Indeed. Who would ever support *such* a superstate?

And yet most people also show great support for the *EU* instead, which means that they really don't see it the way you do.
Posted by Aris Katsaris  2003-9-5 11:30:47 AM||   2003-9-5 11:30:47 AM|| Front Page Top

#31 "repudiated both nationalism "

well i dont think thats quite true. I dont think either UK OR France have done so. The small states have done so largely out of recognition of the illusory nature to their own sovereignty -the Germans out a realistic recognition of the limits on the effectitive expression of their sovereignty given their history. Italy is not a small power, and does not have the limitations Germany has, but arguably always had a relatively weak nationalism.

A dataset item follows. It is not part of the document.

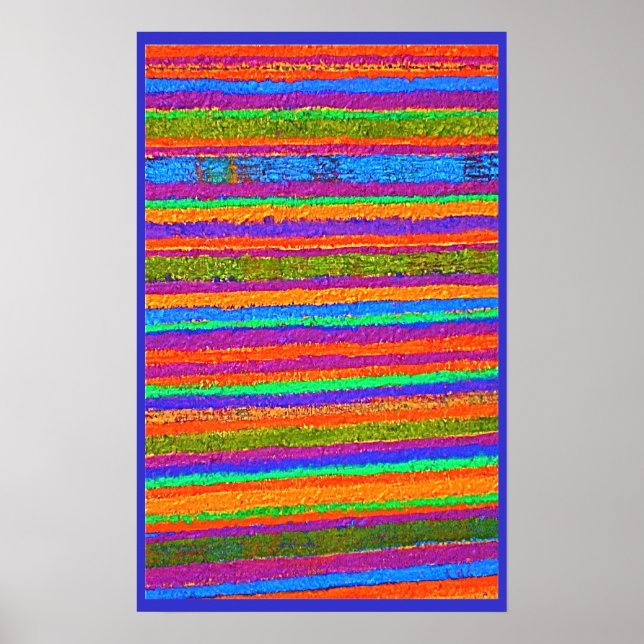 Multi-Colored Stripes Poster (Front)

France and the UK are different though. UK is for that very reason reluctant to see a more integrated EU - and France wants to see it, but I think for its own quite nationalistic purposes.
Posted by liberalhawk 2003-9-5 12:38:09 PM||   2003-9-5 12:38:09 PM|| Front Page Top

#32 LH, I wasn't directly comparing France today with Hitler, Napoleon etc., just debating your claim that French attitude is excusable as they're (presumably) merely acting in their own national interest. I say that's baloney. A nation is capable of bad behaviour and bad attitude (as you yourself suggest Americans can act immaturely). France has shown plenty of both, and is responsible for her actions. Realpolitik is supposed to be about cynical manoeuvring, surgical strategy and being no hostage to sentimentality. Sure, there's a bit of that in every nation's business, but there's also plenty of room for emotion and irrationality. If the French really were such masters of the art of realpolitik, wouldn't they have made fewer catastrophic blunders during the last century? It is possible to criticise France without wishing her ill, you know!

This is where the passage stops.